Four Ways of Relating Science and Religion

1. Conflict: Assumes religion and science ask the same questions and must necessarily disagree.  Proponents are often at the extremes of the discussion.  For example, scientific materialists, who reject religion as nonsense, who assume that scientific method is the only reliable guide to knowledge and that matter is the fundamental reality in the universe, find themselves arrayed against biblical literalists, who advocate a literal reading of the Bible, hold a doctrine of Biblical inerrancy, reject evolution and advocate "creation science."  

2. Independence: Assumes religion and science ask essentially different questions and therefore cannot disagree.  Proponents assert that religion and science use different languages.  The language of science is a language of observation open to empirical testing.  The language of religion is a language of norms not open to empirical testing.  In other words, science tells us what "is," and religion (and ethics) tells us what "ought" to be.

3. Dialogue:  Assumes that religion and science ask similar questions and can generally talk to each other.  Proponents tease out broad points of contact between religion and science (e.g., methodological parallels), focusing on the general characteristics of both, rather than the relationship of specific religions to specific sciences.

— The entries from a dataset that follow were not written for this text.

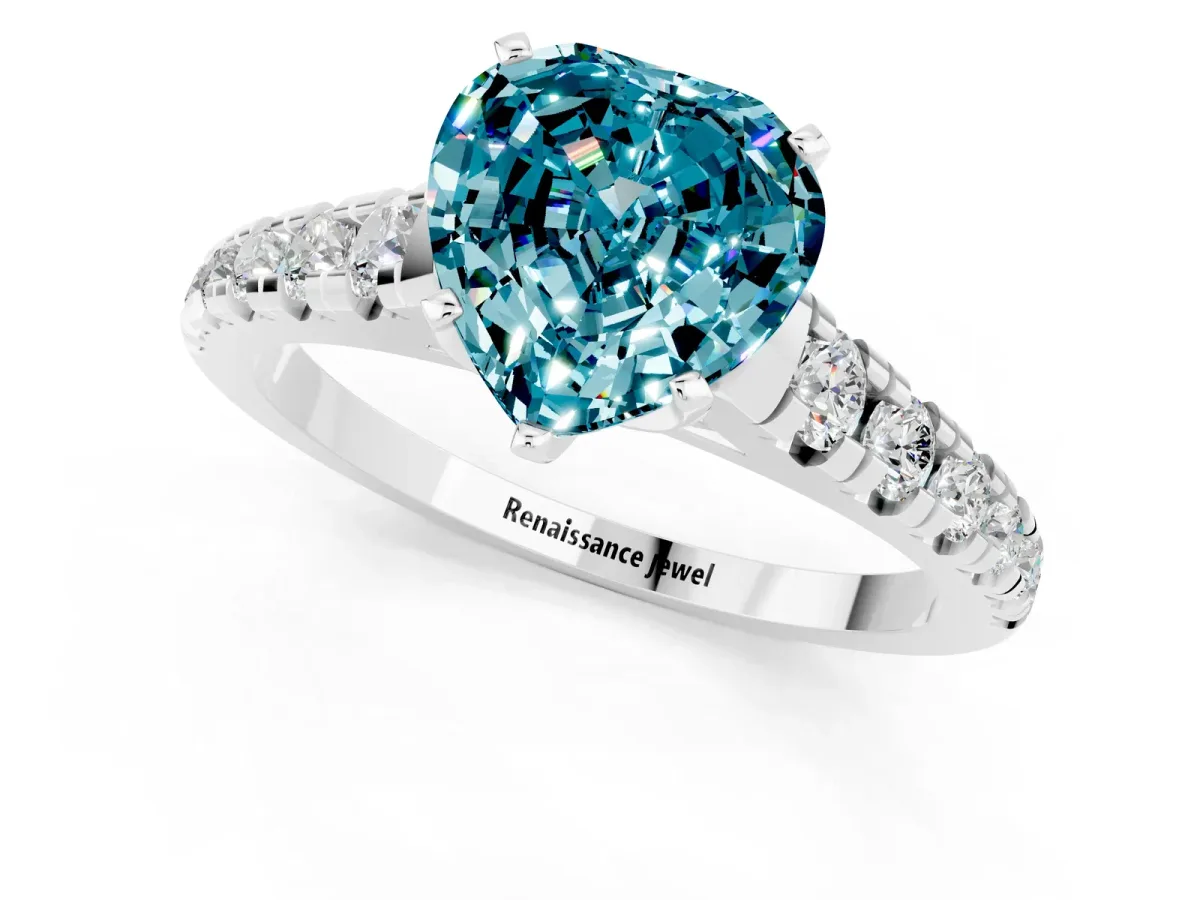 Heart Cut Blue Topaz Cathedral Solitaire Ring with Round Pavé Band Silver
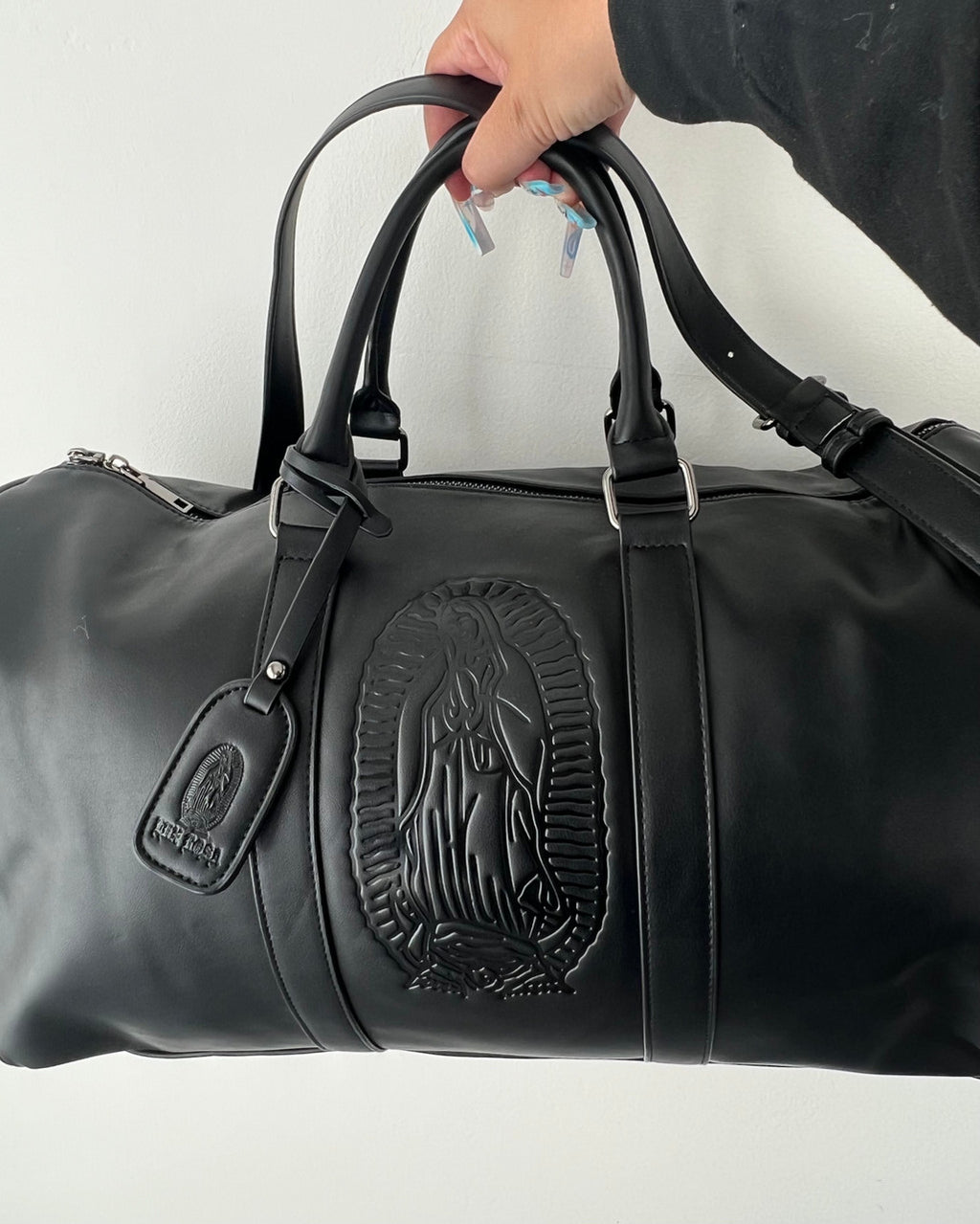Lux Rosa OUR LADY Vegan Leather Luxe Duffle Bag (Large)- Black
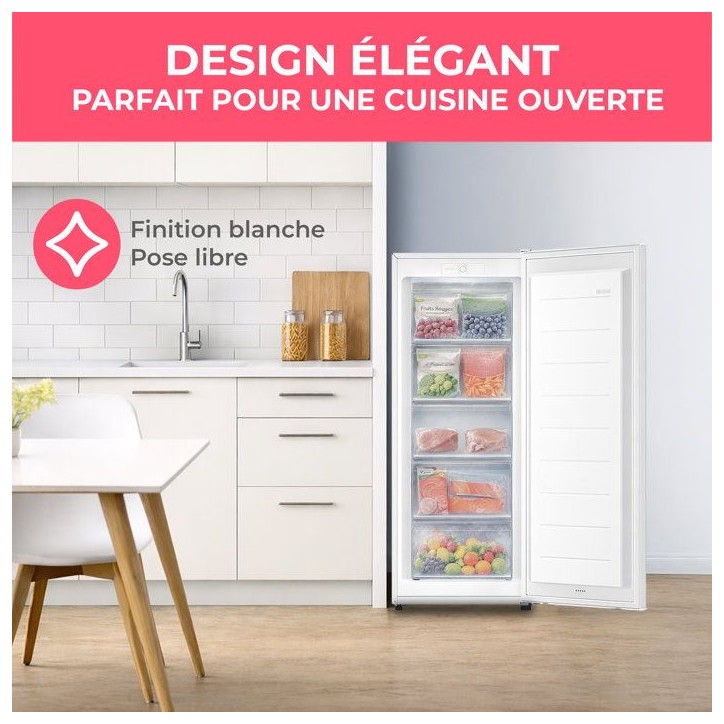 Congélateur armoire - OCEANIC - OCEACUF169WE - 169 L - 5 tiroirs - Low Frost - Classe E - Blanc Congélateur armoire - OCEANIC - OCEACUF169WE - 169 L - 5 tiroirs - Low Frost - Classe E - Blanc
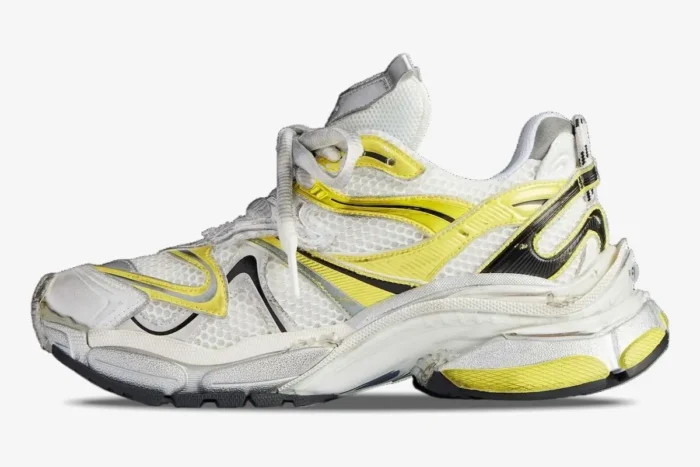 Balenciaga Runner 2 Distressed Mesh sneaker in yellow and silver, side profile view. - SKU 779066W3RXP9710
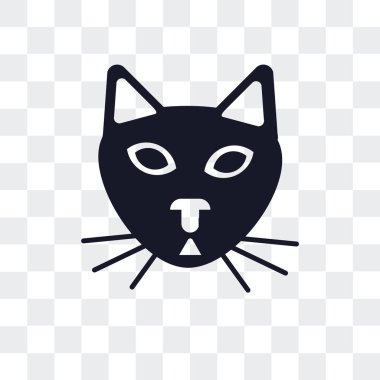Saydam arka plan üzerinde kedi logo des izole kedi vektör simgesi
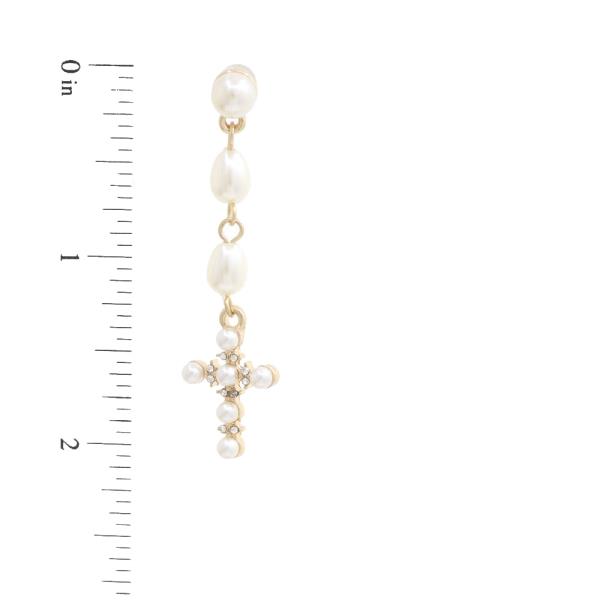 CROSS PEARL BEAD DANGLE EARRING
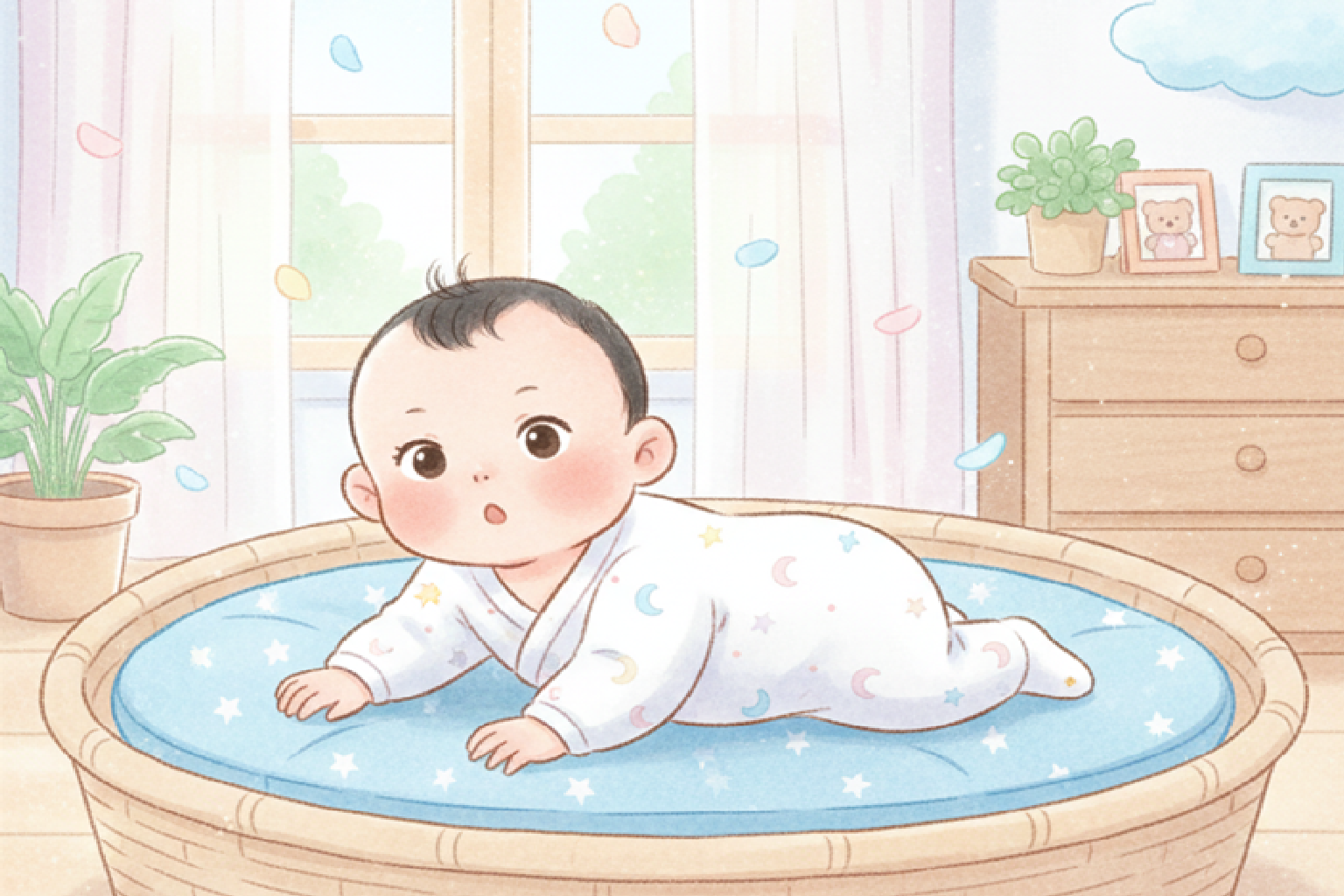생후 7주 아기 발달과 성장, 목 가누기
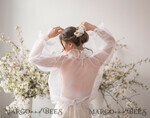 BRIDE bolero, robes, garter WEDDING BOLERO & SHRUGS Wedding Bolero Long Sleeve, Wedding Puff Sleeve Mesh Shrug, Bridal puff sleeved wedding Coverup, Blouse for Bride,  Bridal Capelet mesh11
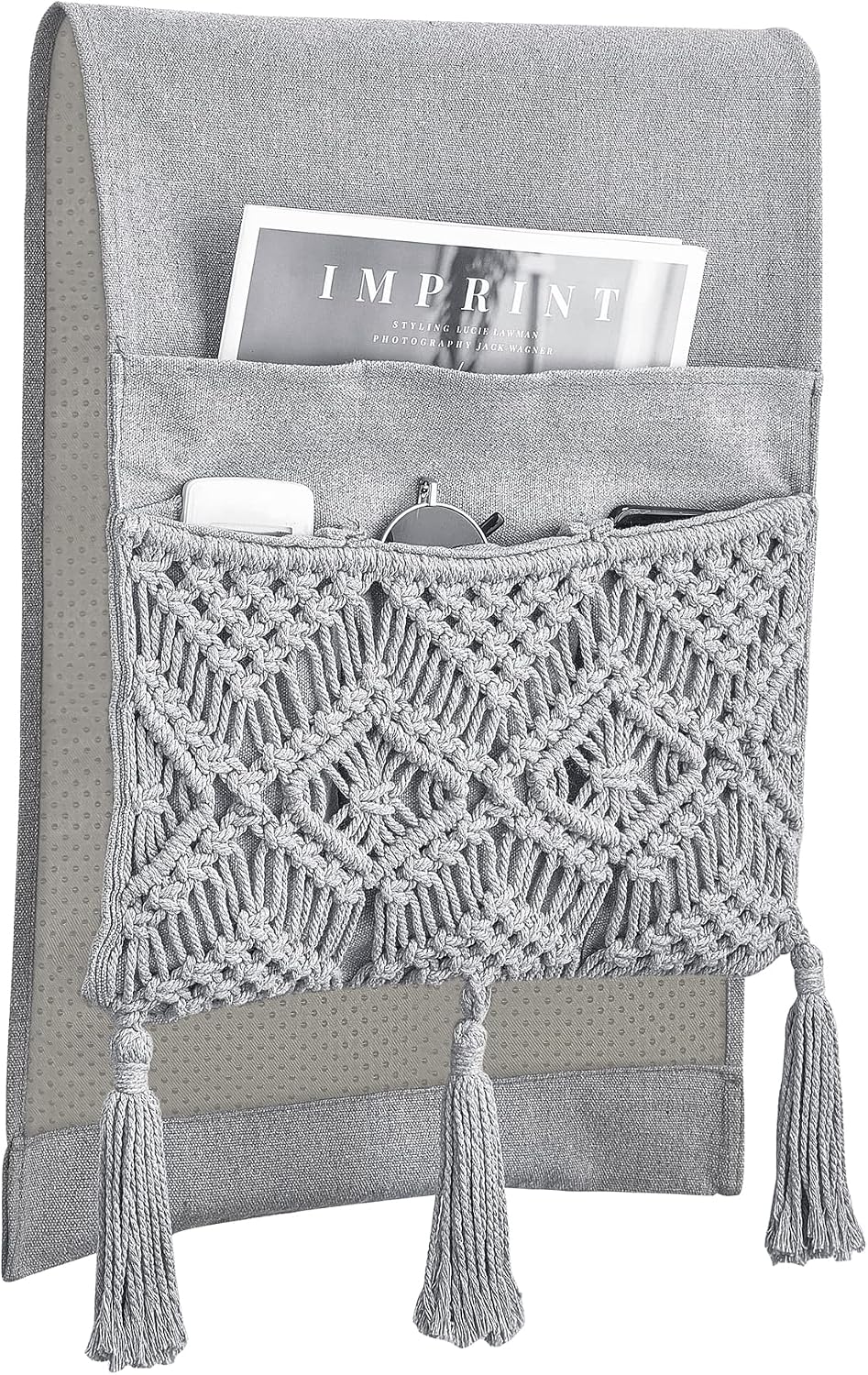 Mkono Macrame Armchair Caddy, Boho Couch Armrest Organizer, 4 Pockets Beige | Large, Sofa Bedside Caddy, Remote Control Magazine Phone Holder, Living Room Bedroom Dorm, Boho Decor, Space-Saving Storage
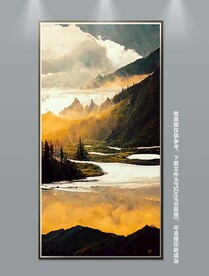 新中式写实山水风景玄关装饰画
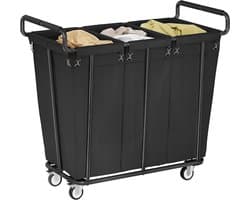Wasmand Met Vakken - Sorteren Wasgoed - Kleding Sorteren - Met Wielen - 3 Vakken - Zwart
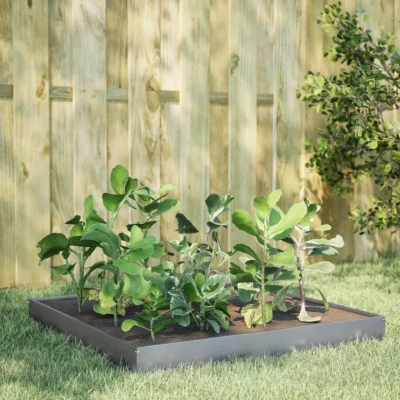 Afbeelding van vidaXL Plantenbak verhoogd 100x100x18,5 cm gegalvaniseerd staal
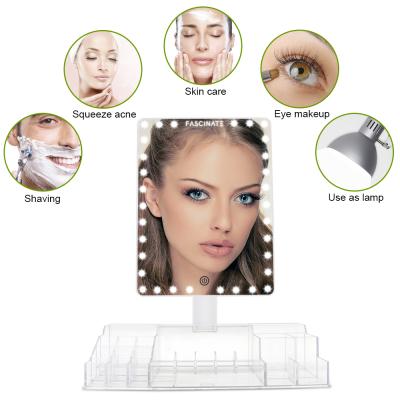 China 21 Pcs Led Soft Ring ligts Mirror Vanity Large 1X Magnifying Make Up Mirror With LED Lights Table Position Mirror Vanity for sale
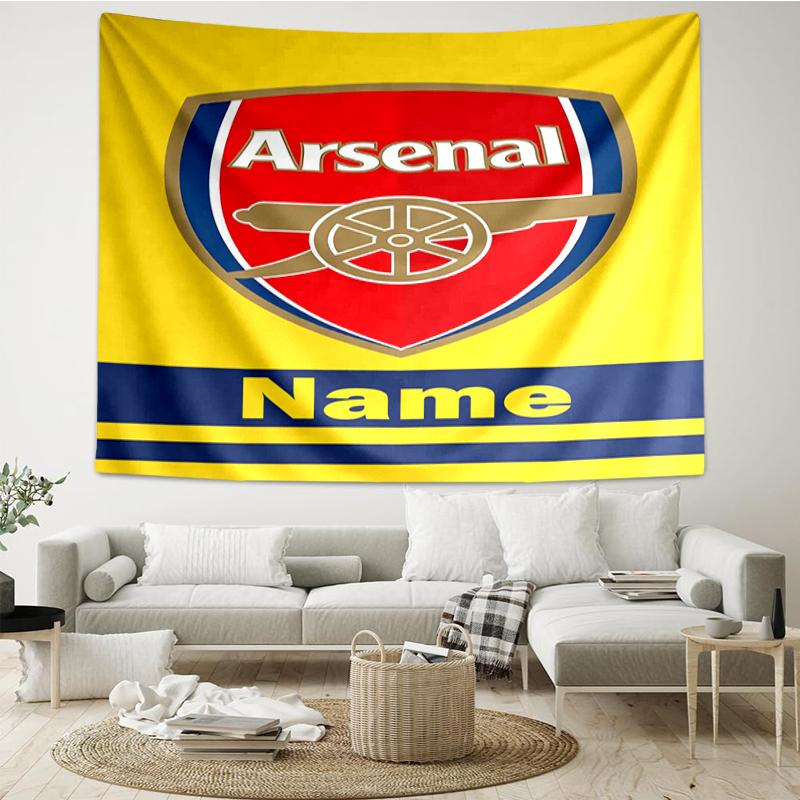 Custom Name Arsenal F.C Print Tapestry, Backdrop, Easy Setup, Ideal for Bedroom, Office & Living Room, with Aesthetic Wall Hanging Decor.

4. Integration:  Assumes that religion and science ask the same questions and can agree.  Proponents attempt to go beyond the generalities of dialogue and seek tight integration between specific theories of religion and science.  An example would be Christian "natural theology," which carefully examines the natural world (and science) and claims to find evidence there for the existence of a transcendent order generally, and Christian truth specifically.